** Opening DATA FOR THIS TASK block **

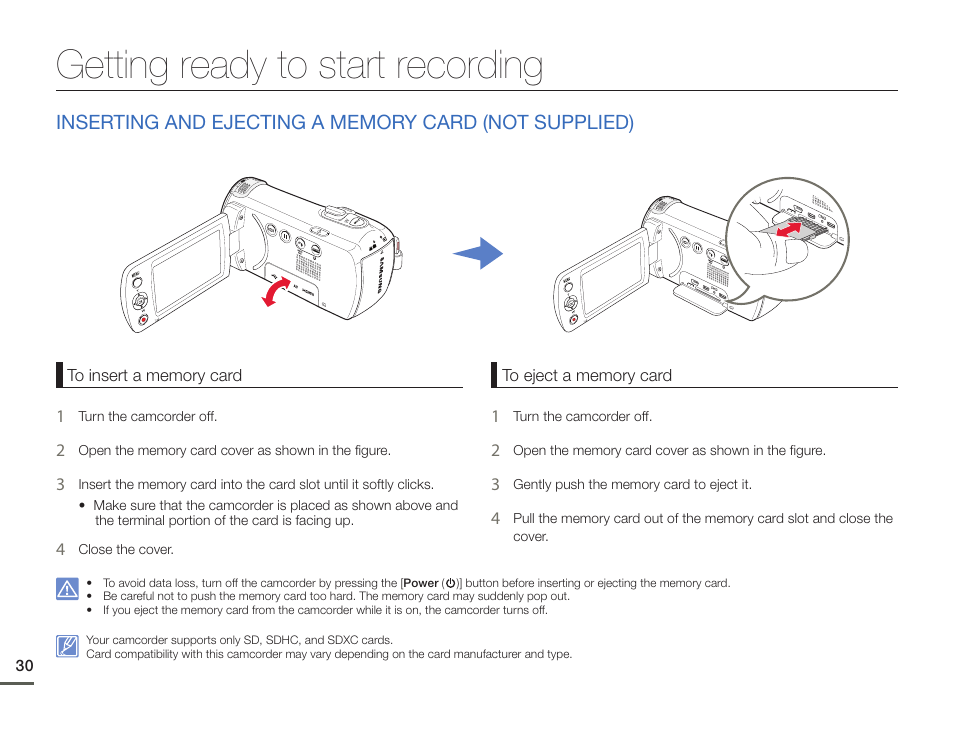 Getting ready to start recording, Inserting and ejecting a memory card, Not supplied) | Samsung HMX-F900WN-XAA User Manual | Page 34 / 113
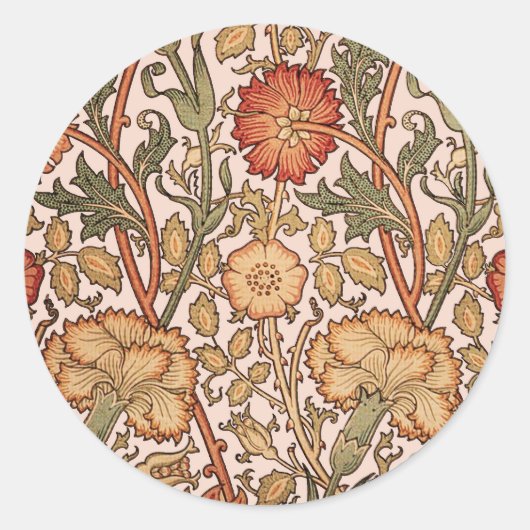 William Morris Pink Rose Blume Wallpaper Pattern Runder Aufkleber (Vorderseite)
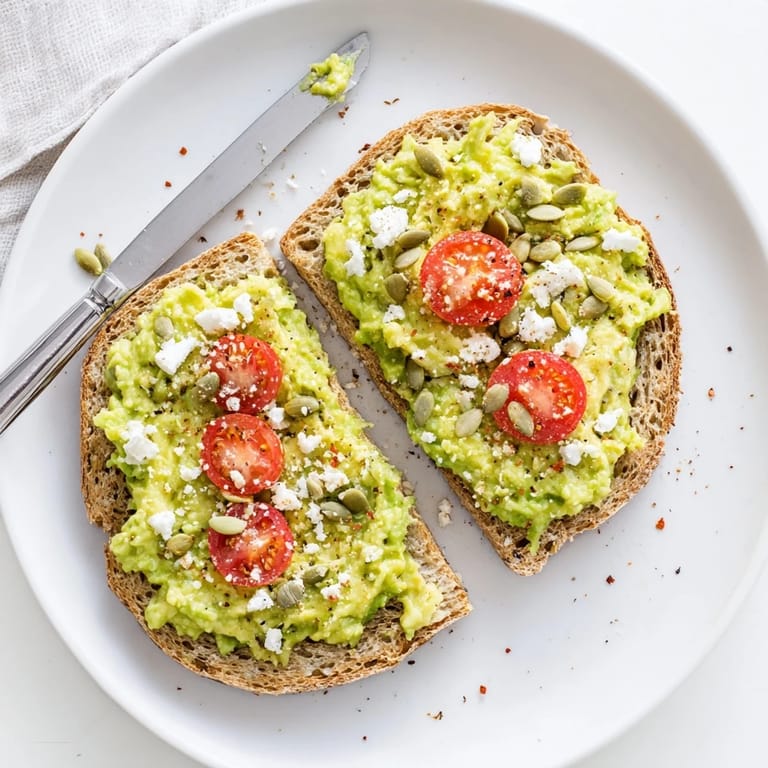 Savory avocado toast on whole grain bread topped with feta, seeds, and red pepper flakes.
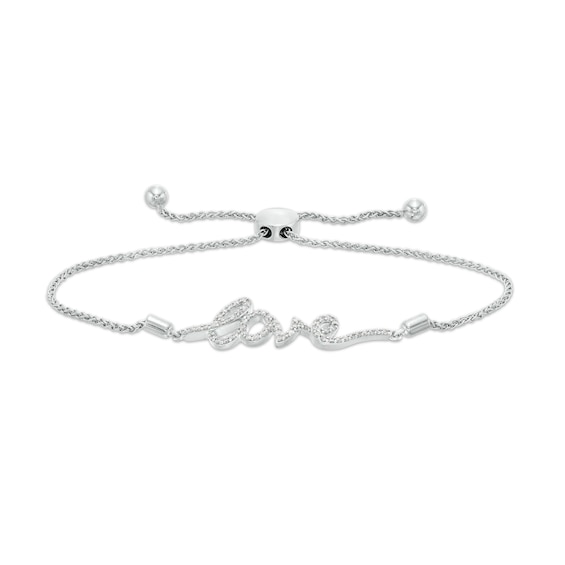 1/5 CT. T.w. Diamond Cursive "love" Script Bolo Bracelet in Sterling Silver â 8.25"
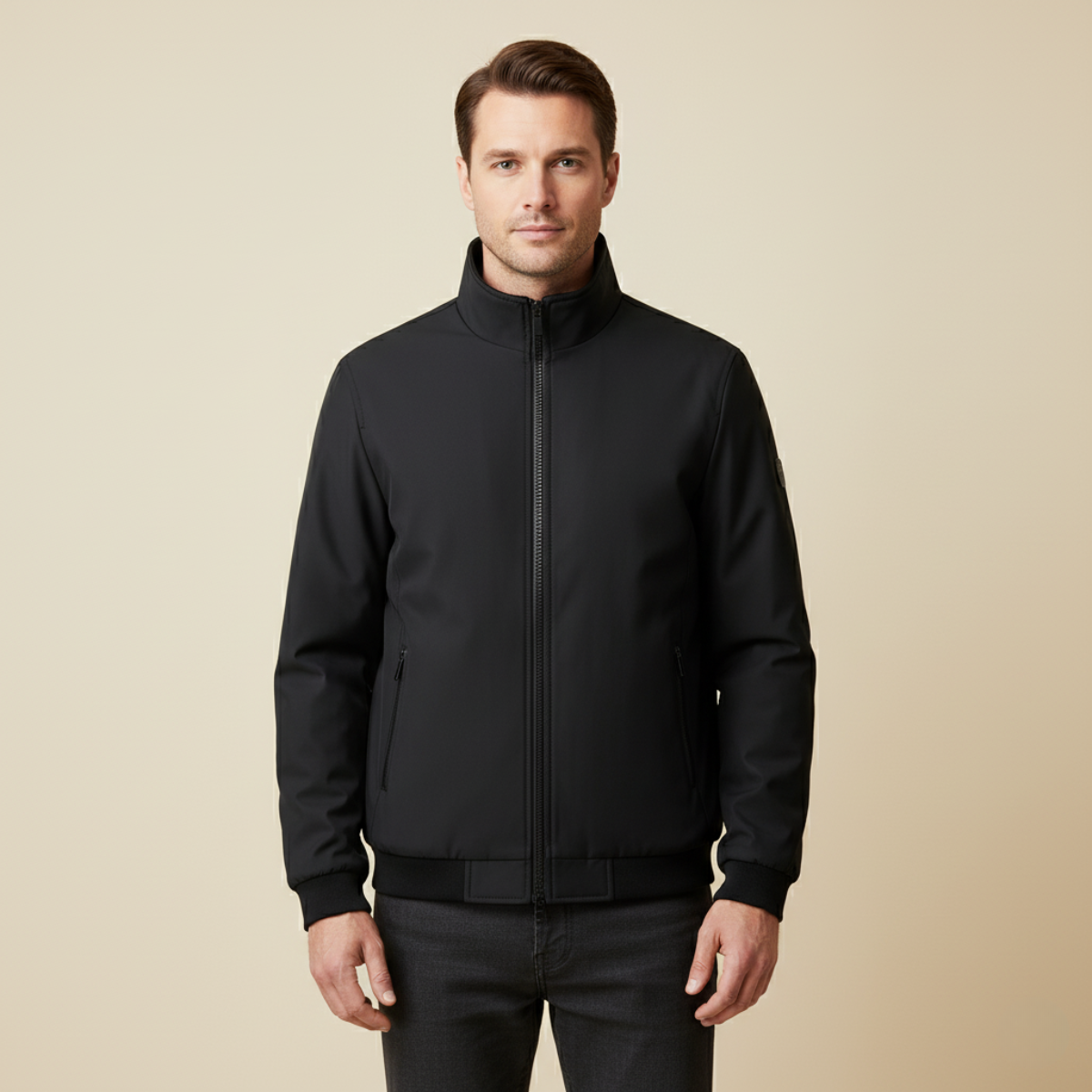 Herren Winterjacke Stehkragen Wärmend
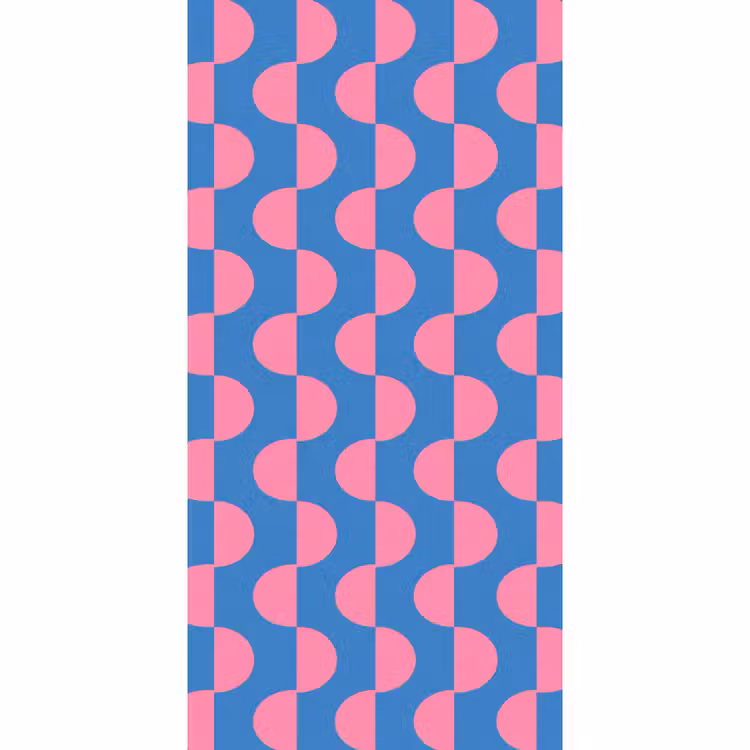 Behang - Patroon - Halve cirkels - Abstract - Modern - Roze - Blauw — 2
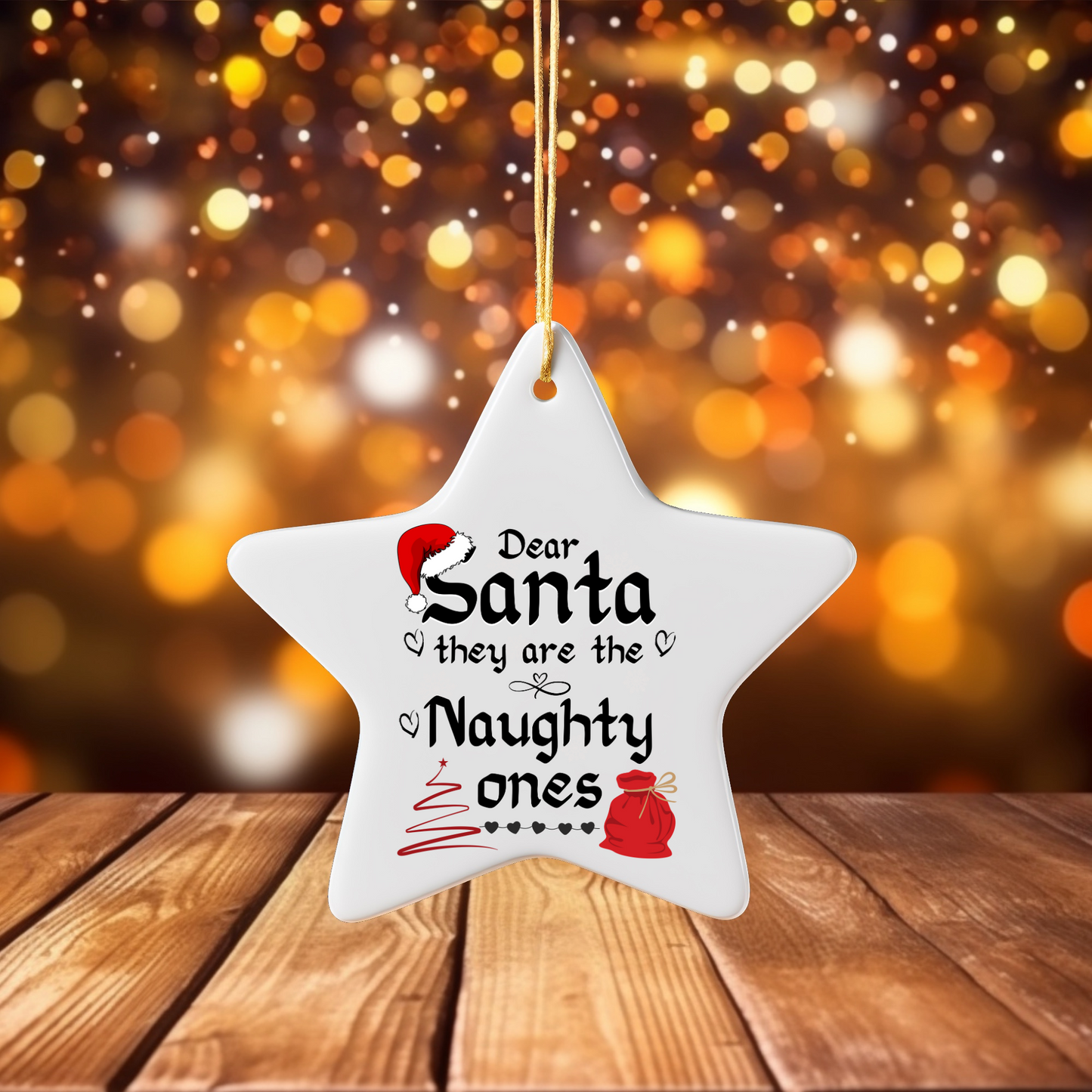 Exquisite Christmas Porcelain Ornaments with “Dear Santa, they are the naughty ones”; a stunning addition to your holiday decor.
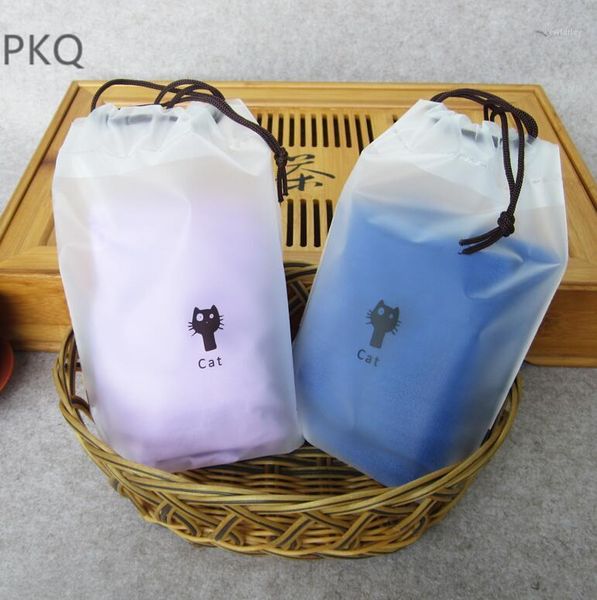

gift wrap 50pcs matte frosted travel pouch storage bag sealed waterproof transparent for clothing bras shoes garment package1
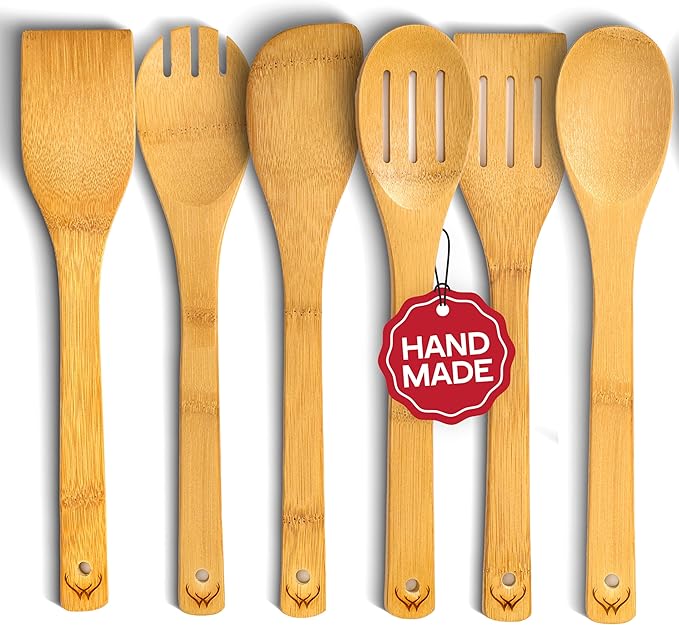 WOODLANDS USA Wooden Spoons for Cooking set of 6 – Premium Wooden Utensil set by WOODLANDSUSA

** Closing DATA FOR THIS TASK block **

TRY IT: From the line containing "William Morris Pink" down to the end of the listing above, every line is to be returned exactly, though the pictures are not.

EXERCISE RESULT:
 William Morris Pink Rose Blume Wallpaper Pattern Runder Aufkleber (Vorderseite)
 Savory avocado toast on whole grain bread topped with feta, seeds, and red pepper flakes.
 1/5 CT. T.w. Diamond Cursive "love" Script Bolo Bracelet in Sterling Silver â 8.25"
 Herren Winterjacke Stehkragen Wärmend
 Behang - Patroon - Halve cirkels - Abstract - Modern - Roze - Blauw — 2
 Exquisite Christmas Porcelain Ornaments with “Dear Santa, they are the naughty ones”; a stunning addition to your holiday decor.

gift wrap 50pcs matte frosted travel pouch storage bag sealed waterproof transparent for clothing bras shoes garment package1
 WOODLANDS USA Wooden Spoons for Cooking set of 6 – Premium Wooden Utensil set by WOODLANDSUSA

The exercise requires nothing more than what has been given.